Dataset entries
=== Section Start ===
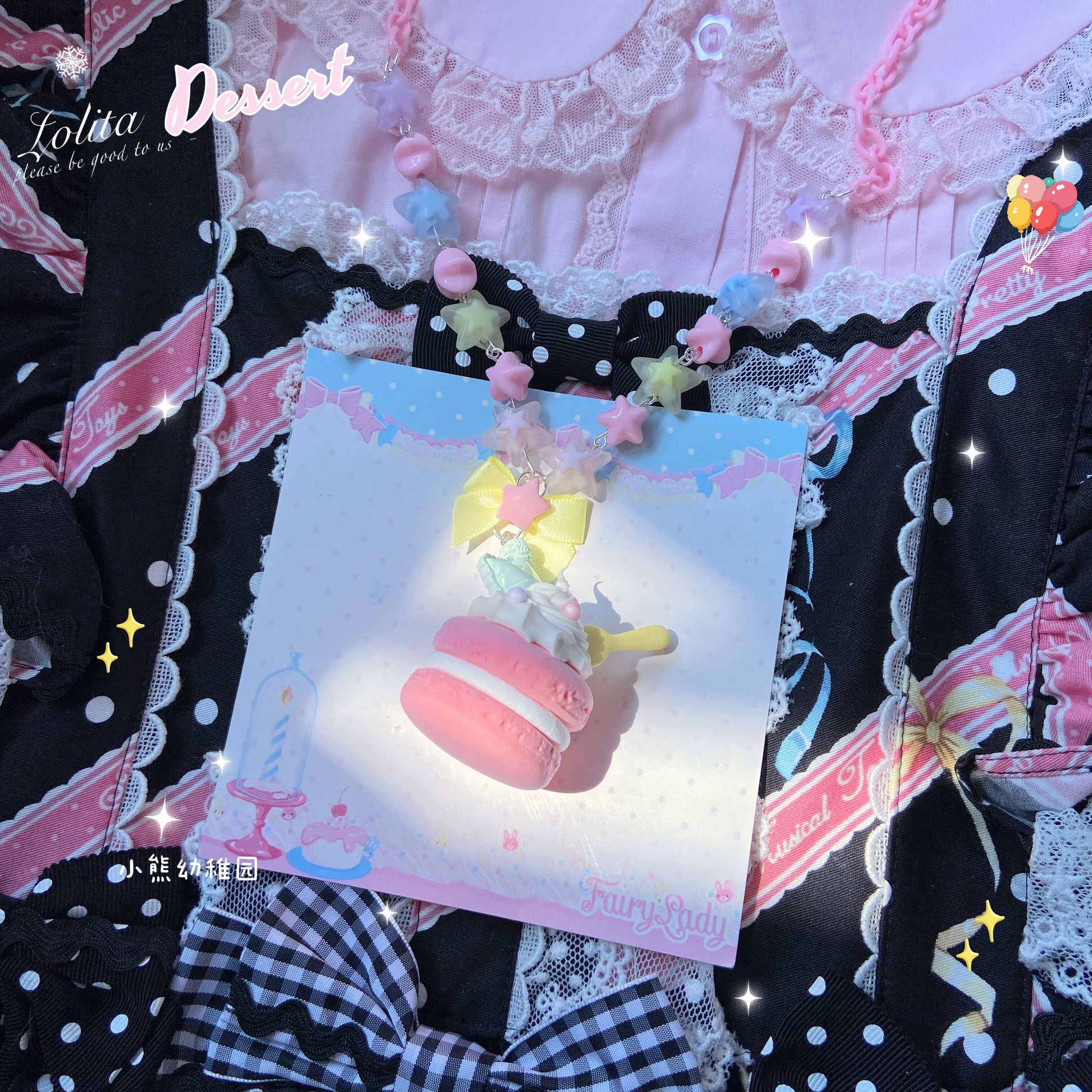 Bear Doll Kawaii Necklace | Macaron Sweet Dessert Necklace necklace Bear Doll
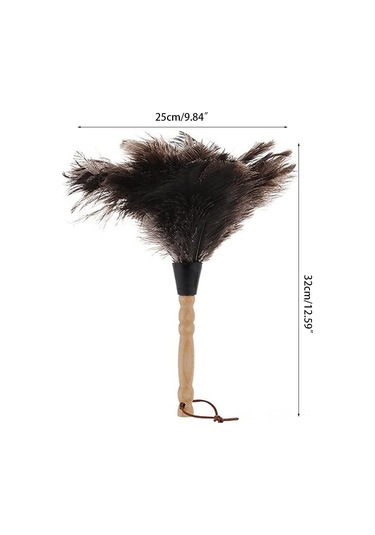 Springsun Doğal Devekuşu Tüyü Toz Alıcı, Ahşap Saplı Ev Temizlik Fırçası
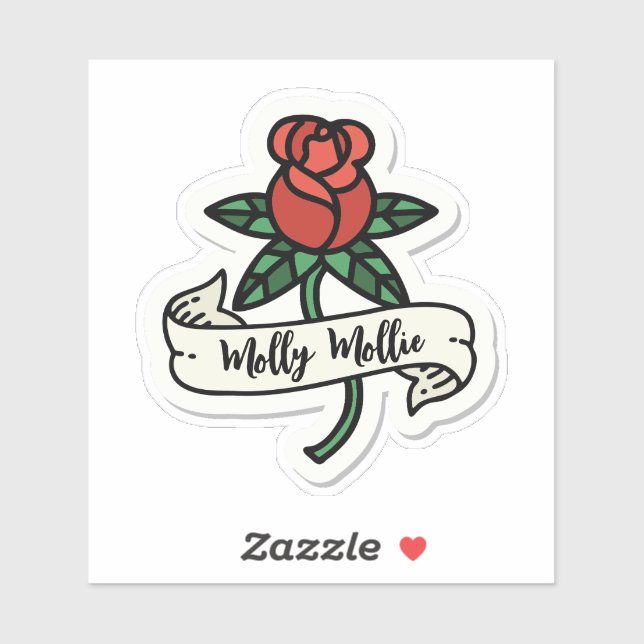Red  Rose Tattoo Design  Custom-Cut Vinyl Sticker (Sheet)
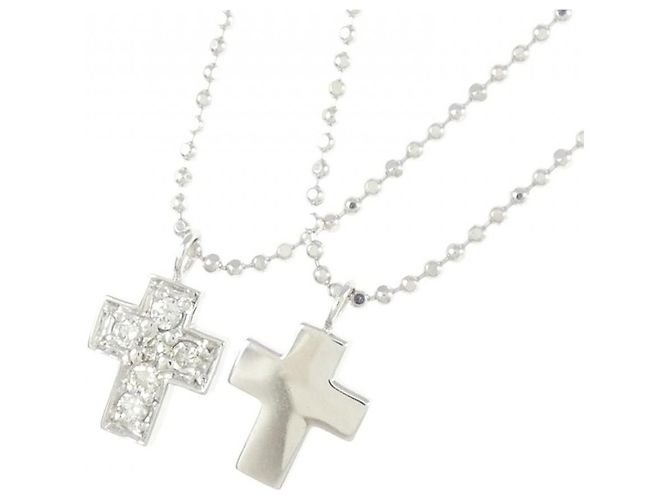 Autre Marque Collana con Croce di Diamanti Au750 Argento - vista 3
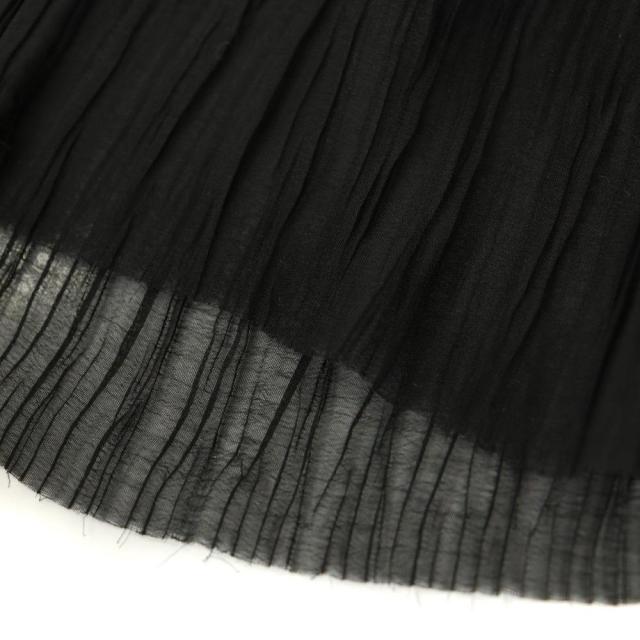 【中古】セオリーリュクス theory luxe 25SS Blaine Rione Dress ワンピース プリーツ シアー 38 ブラック /CX ■OS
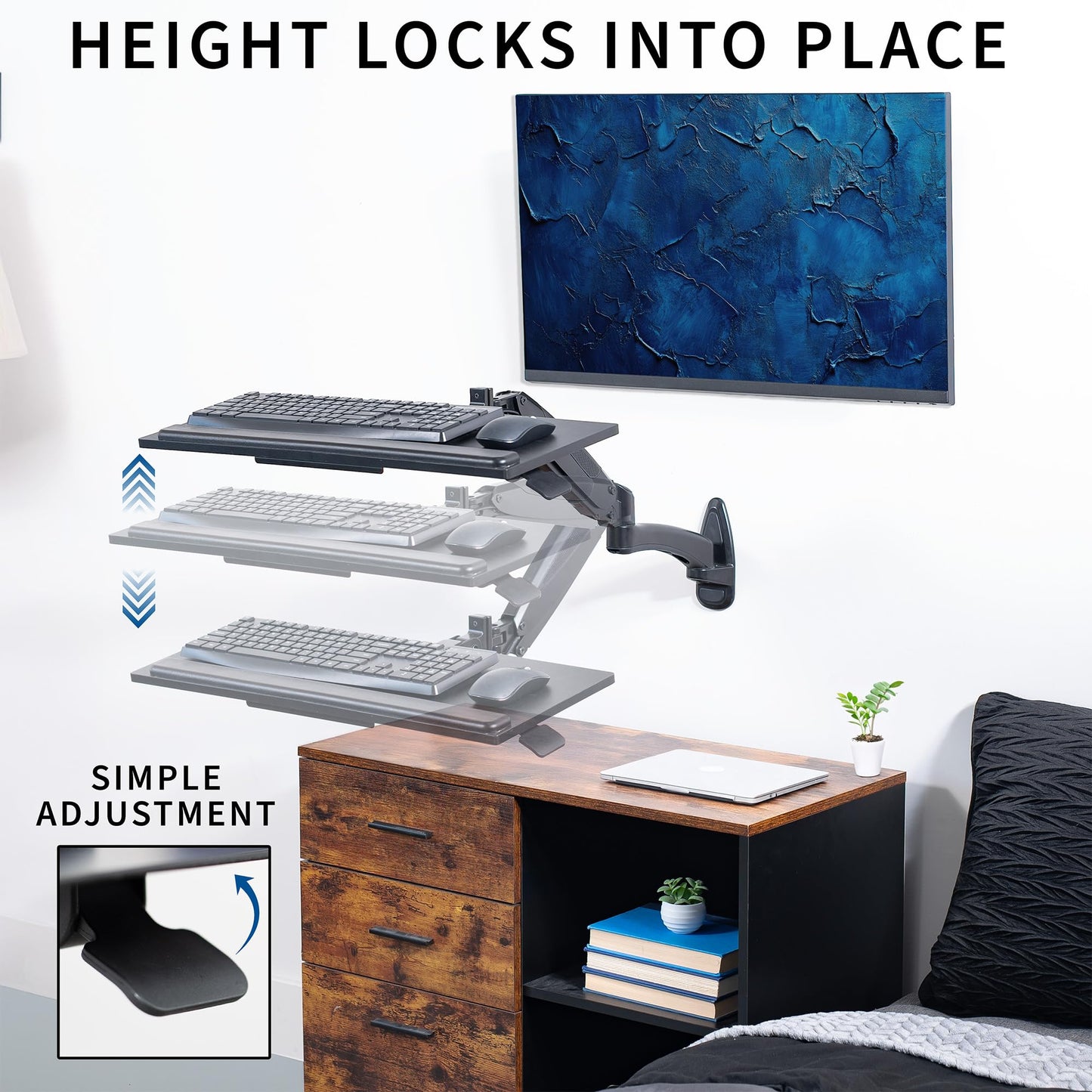 VIVO Sit-Stand 24 Inch Pneumatic Spring Keyboard and Mouse Tray Wall Mount, Counterbalance Height Adjustable Typing Platform, Ergonomic Tilt, Black, MOUNT-KB35B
=== Section End ===
Brief
Given the entries above, transcribe exactly the lines from the one holding "Springsun Doğal Devekuşu" through the one holding "ブラック /CX ■OS"; pictures do not belong in the transcription.

Expected output
 Springsun Doğal Devekuşu Tüyü Toz Alıcı, Ahşap Saplı Ev Temizlik Fırçası
Red  Rose Tattoo Design  Custom-Cut Vinyl Sticker (Sheet)
 Autre Marque Collana con Croce di Diamanti Au750 Argento - vista 3
 【中古】セオリーリュクス theory luxe 25SS Blaine Rione Dress ワンピース プリーツ シアー 38 ブラック /CX ■OS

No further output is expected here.